Defendant argues that plaintiff's suit should be dismissed for lack of subject matter jurisdiction based on the Rooker-Feldman doctrine. Alternatively, defendant argues that even if this Court could exercise subject matter jurisdiction over plaintiff's complaint, the principle of res judicata prevents this Court from addressing Mr. Scully's claims. For the reasons discussed below, we find that we do not have subject matter jurisdiction over Mr. Scully's complaint, and we thus do not reach the res judicata argument. See Bryan v. Belvidere Nat. Bank, 122 F. App'x 858, 859 (7th Cir. 2005) (internal quotations and citations omitted).

IV.

"The Rooker-Feldman doctrine derives from two Supreme Court cases in which plaintiffs 'litigated and lost in state court ... [then] essentially invited federal courts of first instance to review and reverse [the] unfavorable state court judgments.'" Arnold v. KJD Real Estate, LLC, 752 F.3d 700, 704-05 (7th Cir. 2014) (citing Exxon Mobil Corp. v. Saudi Basic Inds. Corp., 544 U.S. 280, 283 (2005), Rooker v. Fidelity Trust Co., 263 U.S. 413 (1923), and D.C. Ct. of App. v. Feldman, 460 U.S. 462 (1983)). "Because Congress empowered only the Supreme Court to exercise appellate authority to reverse and modify state court judgments, . . . such suits were . . . properly dismissed for want of subject-matter jurisdiction." Arnold, 752 F.3d at 705 (internal citations and quotations omitted). The Rooker-Feldman doctrine "is narrowly confined to 'cases brought by state-court losers complaining of injuries caused by state-court judgments rendered before the district court proceedings commenced and inviting district court review and rejection of those judgments.'" Arnold, 752 F.3d at 705 (quoting Exxon Mobil, 544 U.S. at 284).

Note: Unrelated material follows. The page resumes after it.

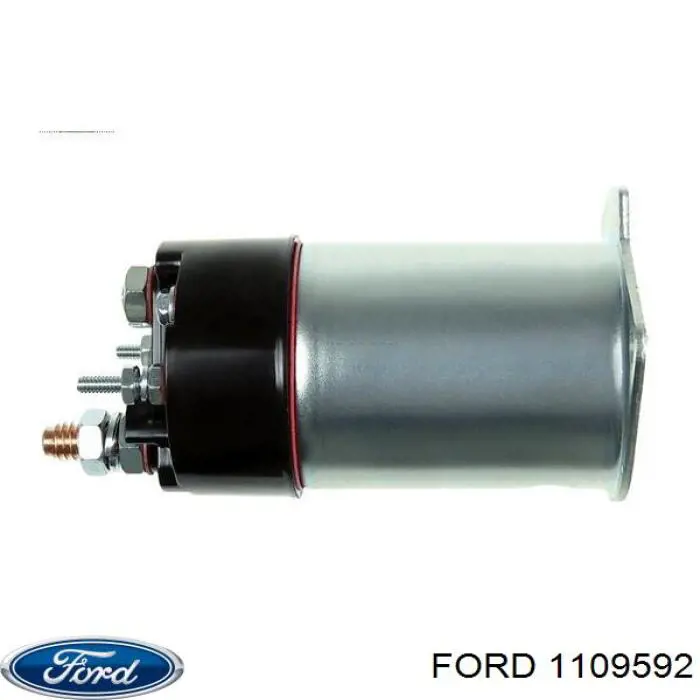 1109592 Ford tubo intercooler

The doctrine applies not only to claims that were actually raised before the state court, but also to claims brought in federal court that are "inextricably intertwined" with state court determinations. Taylor v. Fed. Nat'l Mortg. Ass'n, 374 F.3d 529, 533-34 (7th Cir. 2004), as amended on denial of reh'g and reh'g en banc (Aug. 3, 2004). If the alleged injury was caused by or was inextricably intertwined with the state court judgment, the Rooker-Feldman doctrine dictates that the federal courts lack subject matter jurisdiction, even if the state court judgment was erroneous or unconstitutional. Long v. Shorebank Dev. Corp., 182 F.3d 548, 555 (7th Cir. 1999); see also Carpenter v. PNC Bank, Nat'l Ass'n, No. 15-2732, 2016 WL 412839, at *2 (7th Cir. Feb. 3, 2016) ("under the Rooker-Feldman doctrine a federal district court is powerless to remedy alleged mistakes in a state court judgment"). If we determine that a plaintiff's federal court claim is inextricably intertwined with a state court judgment, "we must then determine whether the plaintiff did not have a reasonable opportunity to raise the issue in state court proceedings." Taylor, 374 F.3d at 533. If we find both that plaintiff's claims are inextricably intertwined with the state court determination and that he had a reasonable opportunity to raise the issue in the state court proceedings, then we do not have subject matter jurisdiction over the plaintiff's claims. We consider each of these elements in turn.

A.

The determination of whether federal court claims are inextricably intertwined with the state court judgment "hinges on whether the federal claim alleges that the injury was caused by the state court judgment, or, alternatively, whether the federal claim alleges an independent prior injury that the state court failed to remedy." Taylor, 374 F.3d at 533. In his response to Citizens' motion to dismiss, Mr. Scully does not dispute that the injury he asserts in his federal court claim was caused by the state court judgment of foreclosure and approval of the sale of the Property. Indeed, this would have been a losing argument had Mr. Scully asserted it, because his federal court complaint alleges that it was the state court judgments of foreclosure and sale after he failed to redeem the Property during the shortened redemption period that injured him -- not any independent prior act. Mr. Scully seeks damages for the money he expended to purchase the Property back from Corona and for the emotional and psychological damages he claims he suffered because his house was foreclosed upon and sold (Compl., at ¶¶ 48-50).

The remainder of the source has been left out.